First edition, first state of the fifth James Bond novel and what Fleming considered one of his best books and listed in Life magazine as one of US President John F. Kennedy’s top ten favorite books. Octavo, original cloth with gilt titles to the spine, gilt rose and gun emblem to the front panel. Association copy, inscribed by the author on the front free endpaper, “To Una who will at last get to the end! from Ian Fleming.” The recipient, Una Trueblood, whose surname was later appropriated by Fleming for the character of Mary Trueblood in Dr. No. Una started working in 1948 at Kemsley Newspapers and The Sunday Times where she was soon appointed secretary to Ian Fleming, where he worked throughout the 1950s. She recalled that Fleming “always said he only wrote Casino Royale, the first Bond book, because he was on the plane to Jamaica and he read such a bad, boring thriller that he thought he could do better himself.” He would write the Bond novels during his annual stays at Goldeneye, his home in Jamaica, thereafter sending the manuscript to Una for typing up. The character in Dr. No named after Una is Mary Trueblood, secretary to John Strangways, the head of the British Secret Service’s Caribbean station, a position echoing that of Una to Fleming. Mary however met a gruesome end, stabbed to death. Recalling a visit to Una made in 2008 the writer Adam Thorpe noted that “The fictional Mary Trueblood has many features in common with her real-life namesake; she’s described in Dr No (1958) as “elegant” (three times), “pretty” and a “good-looker.” Near fine in a very good first issue dust jacket. Jacket design by Richard Chopping. An exceptional association copy.

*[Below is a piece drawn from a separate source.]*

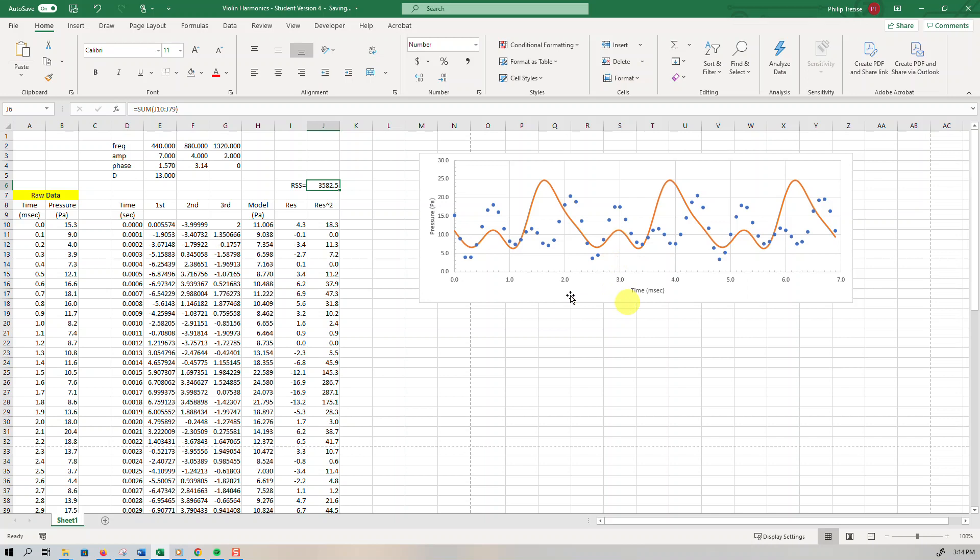So what do I want to do? I want to change the values of these numbers. Remember we were leaving the frequencies fixed. We had good reasons to believe the frequencies were those numbers. But these ones we were guessing.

"Described in the Times Literary Supplement as most brilliant, the book was a great commercial success and helped to launch Fleming as a best-selling novelist It ended with Bond seriously wounded and nearly killed by fugu poison from the sex organs of the Japanese globe-fish While the ending was not quite Sherlock Holmes and his apparently fatal last struggle with evil at the Reichenbach Falls, Fleming had provided himself with an opportunity to remove his hero. He was not, however, to take it. There was public agitation when 007 was reported dead. Bond was irreplaceable" (Black, 27, 30). "This is a very highly sought after title, as it is generally considered the best novel in the series and the best of the movies, as well" (Biondi & Pickard, 44). Made into the 1964 film of the same title with Sean Connery as Bond and Lotte Lenya as ex-KGB agent Rosa Klebb.